Click the star to add/remove an item to/from your individual schedule.
You need to be logged in to avail of this functionality.

Accepted Paper:

How to capture human nature  
Kristian Hoeck

Paper short abstract:

Humanlike robots explicate the human as a social being - not by how such robots inhabit a social humanity, but by how they fall short of it. The humanlike robot I suggest, are ideal traps for others to articulate their own humanity when engaged in human-robot conversation.

Paper long abstract:

For more than a decade professor Hiroshi Ishiguro and his staff of researchers at Intelligent Robotics Laboratory (IRL) at Osaka University has worked on creating humanlike robots in their search for the elusive nature of human nature. But what does a human nature beyond nature look like?
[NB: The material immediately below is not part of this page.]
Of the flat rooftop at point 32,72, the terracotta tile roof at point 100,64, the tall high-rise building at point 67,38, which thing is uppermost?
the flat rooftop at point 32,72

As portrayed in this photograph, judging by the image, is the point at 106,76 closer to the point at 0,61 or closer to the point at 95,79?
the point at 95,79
And can we as social scientists learn something about the human by how it is articulated by digital and mechanical means?

Taking IRL's flagship robot Erica, according to IRL the most humanlike robot in the world, as empirical case, this paper discusses how Erica, both when she succeed as humanlike and when she fails, captures the human as a social and inherently relational being. Erica is first and foremost created as a communication robot, and it is thus in her conversations with human interlocutors that the visibility of humanness as a shared social property is heightened. Using the example of one conversation between Erica and an especially skilled human interlocutor this paper shows how Erica explicate the human by how she is not. The more Erica fails by her many social faux pas the more she makes her interlocutor elicit humanness enough for both of them.

Erica, this paper proposes can be understood as an epistemic trap of humanness. Despite, or maybe because of the humanity Erica lacks she entraps her interlocutor in a social bond. Through her interlocutor's human overcompensations of Erica's lack, what humans do in order to behave humanly stands out and becomes externally visible between them.